The “company under formation” stage represents a transitional and sensitive legal status in the process of company establishment in the Kingdom of Saudi Arabia. This phase precedes the official registration in the Commercial Register, yet it is governed by precise regulations as stipulated in the Saudi Companies Law issued in 1443H.
First: Concept of a Company Under Formation
A company under formation is an entity created by the founders with the aim of conducting a specific commercial activity. However, it has not yet acquired full legal personality, which only occurs upon registration in the Commercial Register. Nonetheless, Saudi law acknowledges this entity with limited legal personality during the formation phase.
Second: Legal Status of a Company Under Formation
According to Article 9 of the Companies Law:
“The company acquires legal personality after its registration with the Commercial Register. However, during the formation period, the company shall have legal personality to the extent necessary for its formation, provided that the formation procedures are completed…”

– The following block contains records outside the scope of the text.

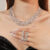 3pcs Women’s Jewelry Set Rhinestone Earrings Necklace New Wedding Party Luxury Fashion Accessories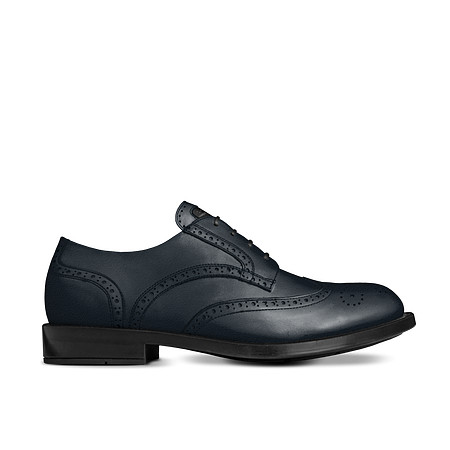 Traditional Derby Shoes (Navy): Charq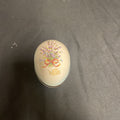 Trinket Box EGG - Royal Worcester Ringtons Tea 1982 Pottery egg - (9195)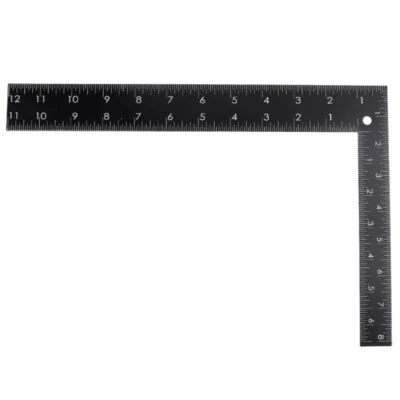 Professional Metal L-Square Shape Patchwork Ruler for Tailor Garment Pattern DIY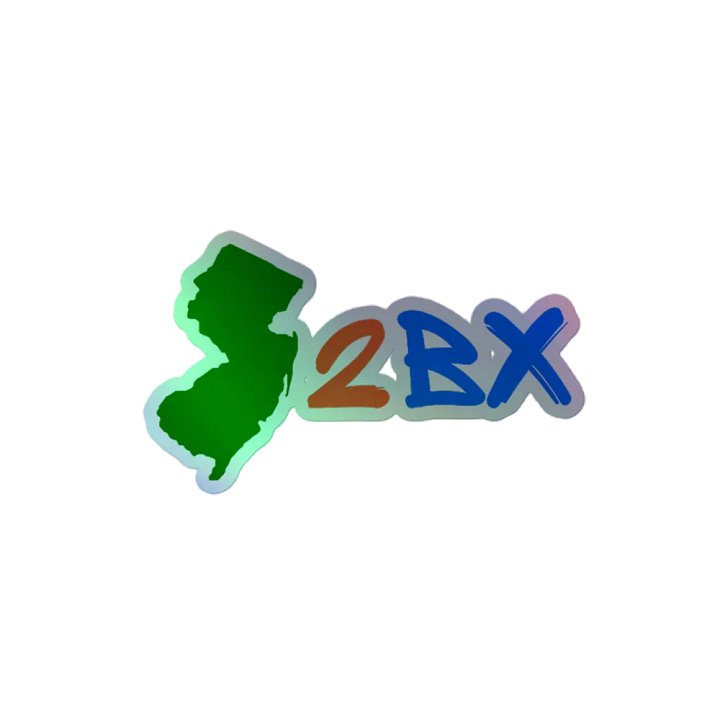 Jersey2Bronx Logo Holographic Sticker product image (2)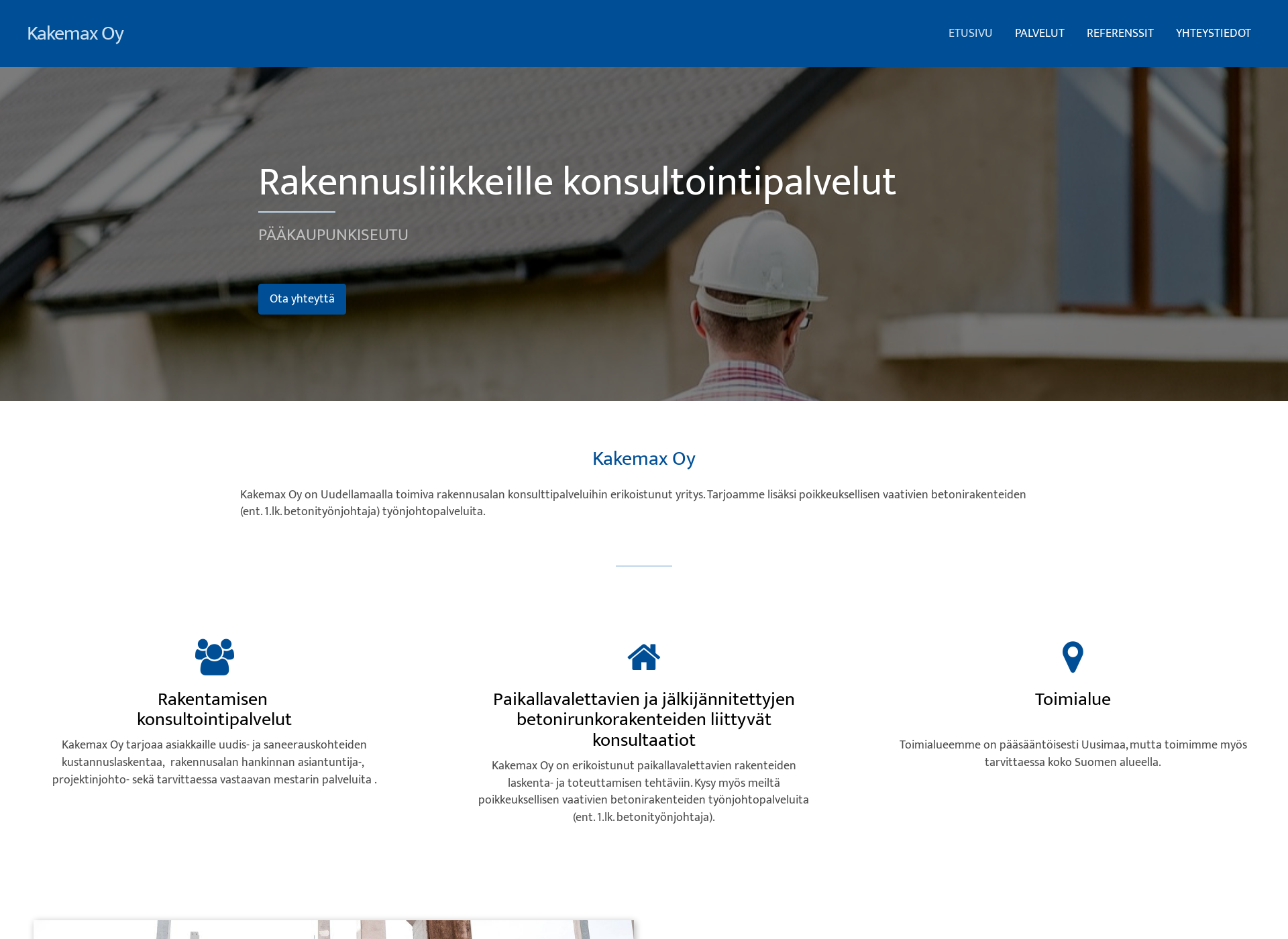 Skärmdump för kakemax.fi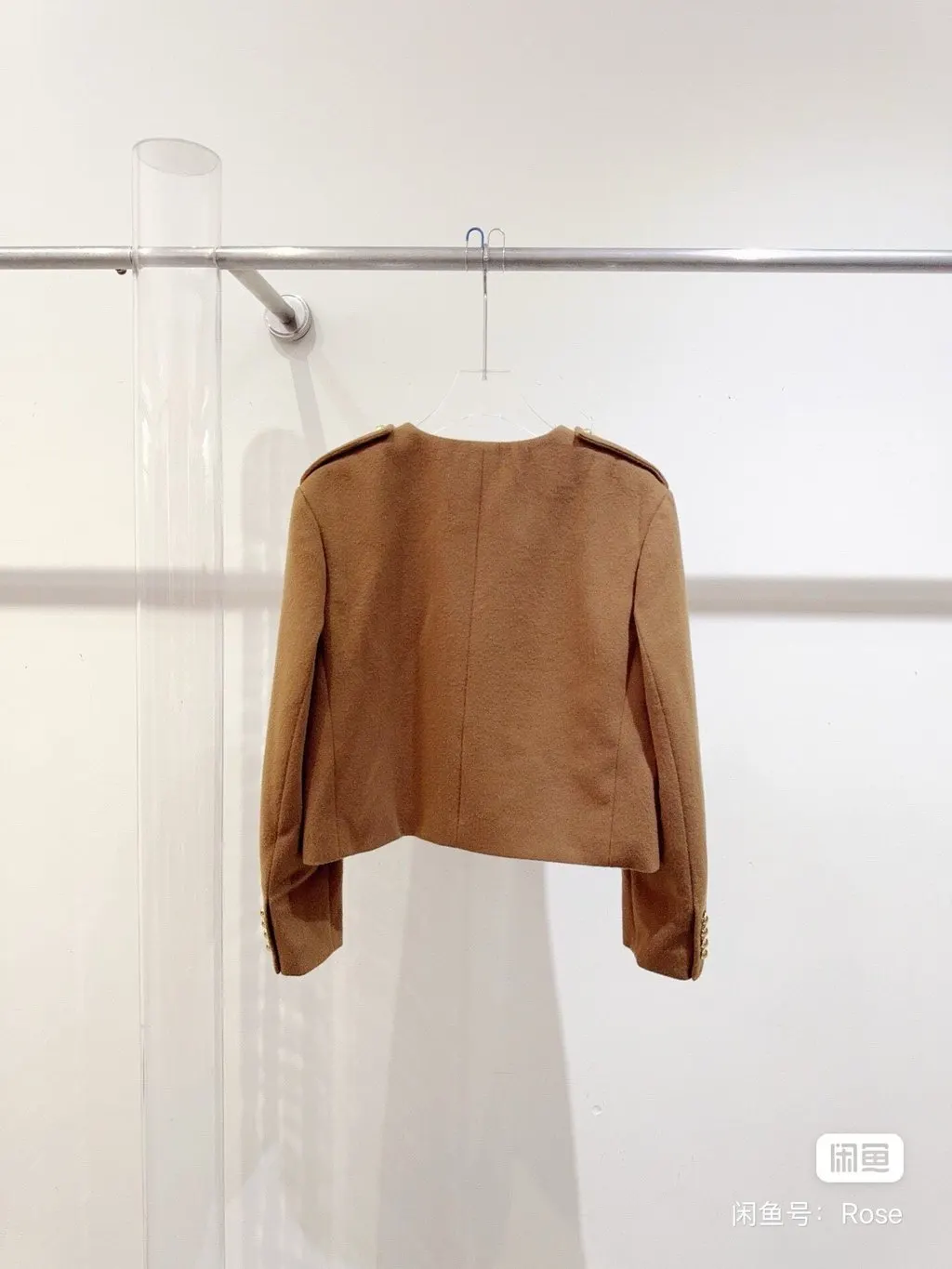 Celine Camel Wool Jacket Camel Wool Never worn - Back View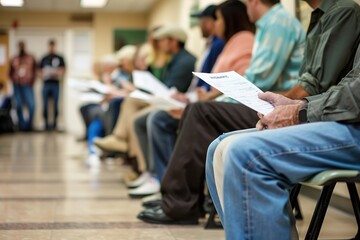 people waiting for job interview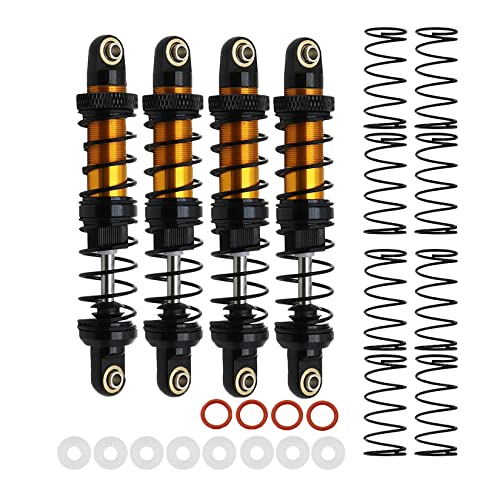 RXZIXYL Metall 70mm 80mm 90mm 100mm 110mm 120mm Stoßdämpfer Öldämpfer für 1/10 RC Crawler Auto Axial SCX10 AXI03007 RBX10 D90 TRX4 (Orange 70mm) von RXZIXYL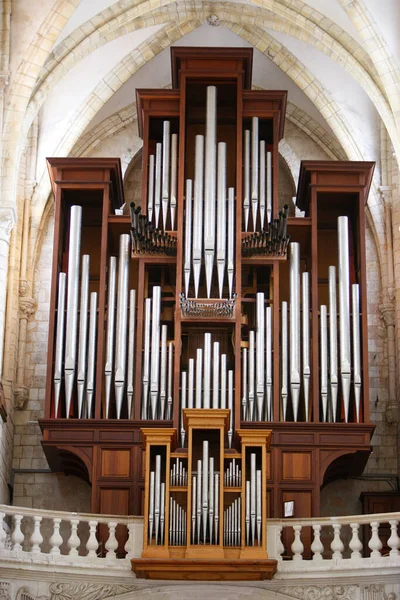 Fleury Benedictine Abbey Church Varhany Francie — Stock fotografie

Thus, a company under formation is not treated as a fully established legal entity with complete legal capacity, but is granted a limited degree of legal personality sufficient to complete formation-related tasks—such as negotiating lease contracts, opening a preliminary bank account, or signing conditional agreements that depend on official registration.
Third: Legal Effects of Acting in the Name of a Company Under Formation
If the founders enter into contracts in the company’s name before registration, the law distinguishes between two scenarios:
- If registration is completed later:
All contracts and obligations entered into are transferred to the company’s liability, and it becomes legally responsible for them. The company also has the right to reclaim taxes paid for the purpose of its establishment. - If registration is not completed:
The individuals who acted in the company’s name become personally and jointly liable towards third parties.
This is affirmed by the article’s wording:
“If the company’s formation procedures are not completed as set forth in the law, the persons who acted or contracted in the name of the company shall be personally and jointly liable with all their assets towards third parties…”
Fourth: Limits of Legal Capacity During Formation
The company under formation is not permitted to conduct actual business operations, generate profits, or enter into binding commercial contracts unrelated to the formation process before its official registration. Doing so constitutes a legal violation that exposes the founders to personal liability.
Fifth: Legal Recommendations for Founders
• Include the phrase “Company Under Formation” in all correspondence and contracts.
• Maintain full documentation of all steps taken to prove that actions were within the scope of the formation process.
The formation stage has significant implications for owners and founders. The law strikes a balance between empowering founders to complete initial formalities and imposing legal safeguards to protect third parties. Therefore, founders and practitioners must carefully adhere to these provisions to avoid personal and joint liability in case of failed or improperly executed formation.